Pulling Teenth

Readers sound off on Juneteenth.

Jun 6, 2007 at 4:00 am

News Real, May 16, 2007

Pro-Teenth: Until recently I was executive director of Juneteenth of Tampa Bay. With regard to Chad Garrison's "Bring Back Juneteenth!" Juneteenth is the oldest holiday in the U.S. commemorating freedom from legal slavery in America, and it was established by our African-ancestored Americans when they received word of the signing of the Emancipation Proclamation and the subsequent Thirteenth Amendment, which abolished slavery in the entire United States of America.

Why is it not a legal federal holiday? After all, this fundamentally changed the direction in which American civilized society was headed. What is civil about forcing captured people to use their creativity, labor and other resources to build an economy for the capturers? Why should I trust the decedents of the capturers to look out for my better interest and future development when they are continuing to utilize and benefit from the forced labor and economics generated from that stolen labor, without any regard to reconciling with me and my people with no attempt to repair the injury with reparations?

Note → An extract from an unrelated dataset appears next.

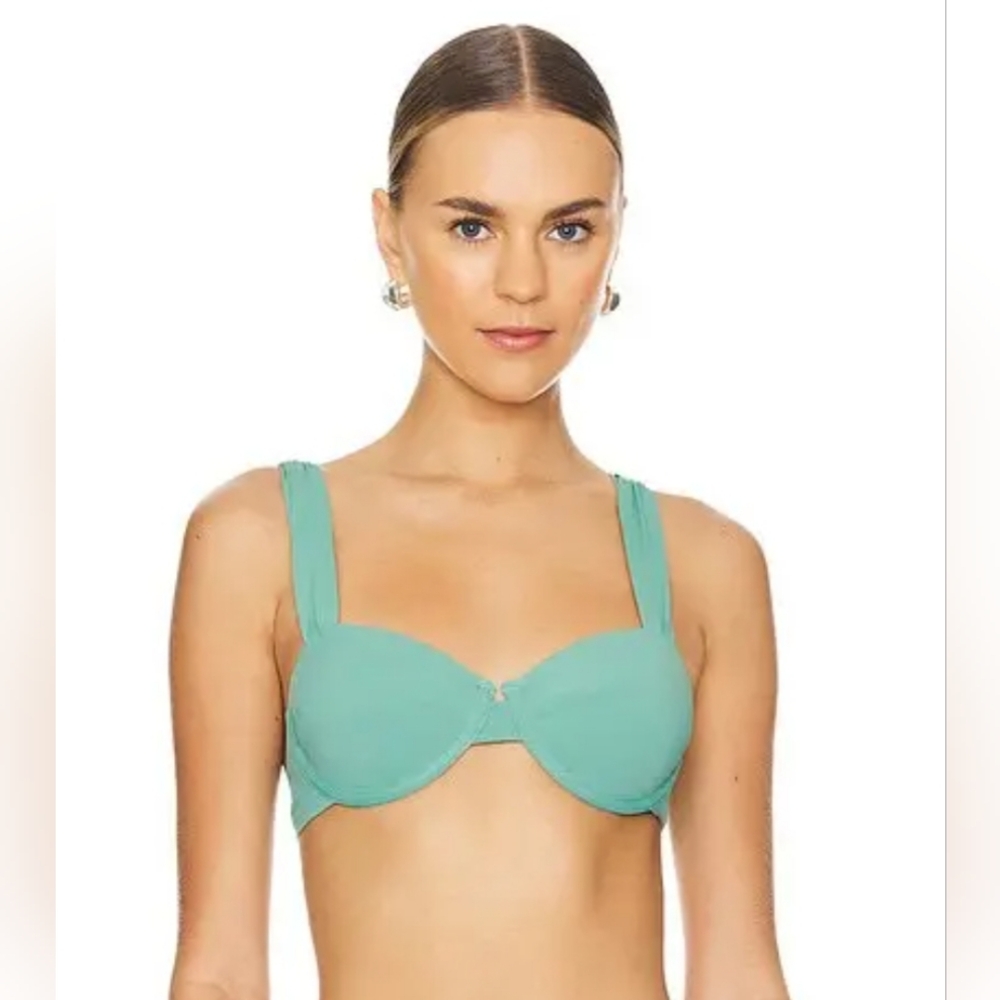 NWT Riot swim Nuor  bikini top Seafoam Xs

Let's be honest: The systems that govern America came from the enslavement of our African-ancestored Americans, and if we factor them out where would America be? Let's be fair and distribute taxpayers' dollars back to our diverse communities, and show the benefits of reconciliation and inspire future development. The all-European-ancestored organizations are not able to promote our legacy. We must do that in our own way. Neither are they in a position to determine and define what success is for our community. No one in this country is in a position to judge, because we all have fallen and come short of the glory.

Jeanie Blue, St. Petersburg, Florida

More history: It appears that Curtis Faulkner has discovered a way to line his own purse, using racism and taxpayers' money to do so. The reason Texas refused to underwrite a Juneteenth celebration is because Texans are not easily taken in by revisionist history.

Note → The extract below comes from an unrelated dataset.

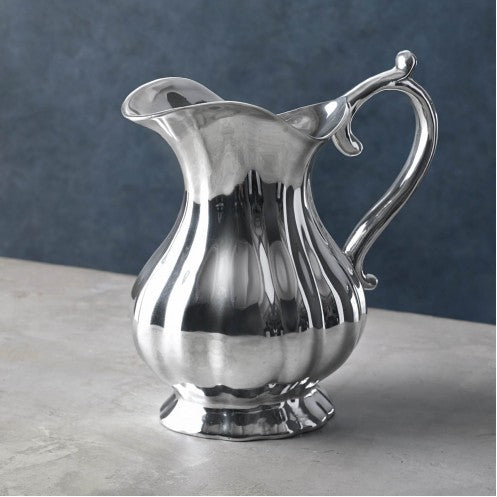 Latur Pitcher(Lg), Gifts, Beatriz Ball, Laura of Pembroke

Little wonder that a handful of Texas slaves in 1865 had never heard of Lincoln's Emancipation Proclamation of two years earlier. Confederate Texas was not under Lincoln's legal jurisdiction. Emancipation did not occur until December 6, 1865, with the Thirteenth Amendment, when slavery ended in all of America, including the former Union slave states and in Washington, D.C., itself. The Texas "Juneteenth honoree" slaves were still enslaved when discovered by Union troops in June 1865, and remained so for six months thereafter — so what does Juneteenth have to do with it?

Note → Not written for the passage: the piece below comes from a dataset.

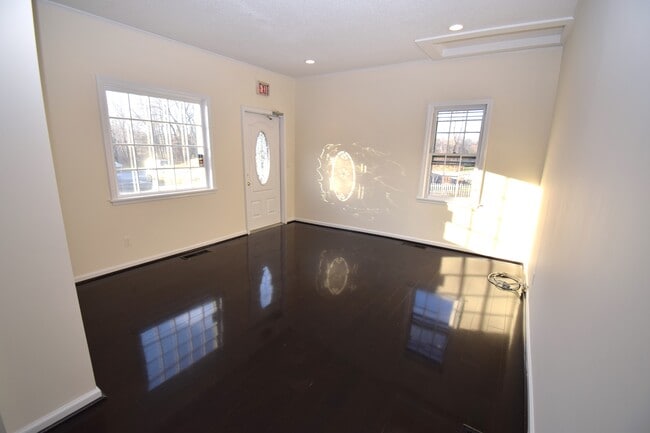 159 Main St in Chester, CT - Building Photo - Building Photo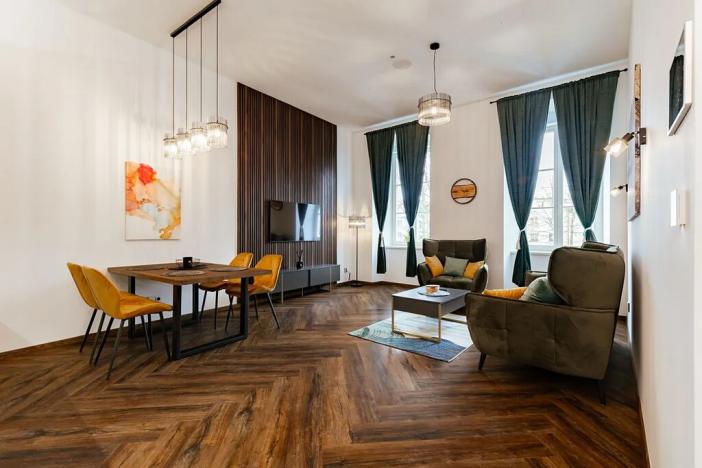 Prodej bytu 2+kk, Horní Planá, Náměstí, 59 m2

Lincoln's 1863 Emancipation Proclamation had not ended slavery at all. In fact, he did not intend for it to do so. It was a war effort with five purposes, of which he realized only one. Ending slavery was not one of the five. Fact is, but for Lincoln's untimely death and his radical surviving cabinet's seizing of the moment to create the Lincoln Myth, we ourselves to this day might never have heard of the Emancipation Proclamation of 1863. They had to dig it out, dust it off and give it a new meaning in 1865. Lincoln was probably rolling over in his casket before his funeral train reached Springfield.

Hey, it's a free country, Mr. F. Plan your own celebration, pay for its overhead costs just like anyone else would do, and if you can make a profit, good luck to you. That's what freedom is all about. Someone else paying for your overhead is what slavery was all about. Bob Arnold, St. Peters

Count Dennis out: I had never heard of Juneteenth. I never heard about the story of how these slaves from Texas weren't told of their freedom until two and a half years later.

As for the Juneteenth jazz festival: Have the festival, but I don't want my tax dollars going to it. Find business supporters or do a fundraiser to get it up and running. Tax dollars should be used to better our schools, the educational system, the zoo and places like the Science Center — not an event that costs $2 million and will only last a day or two.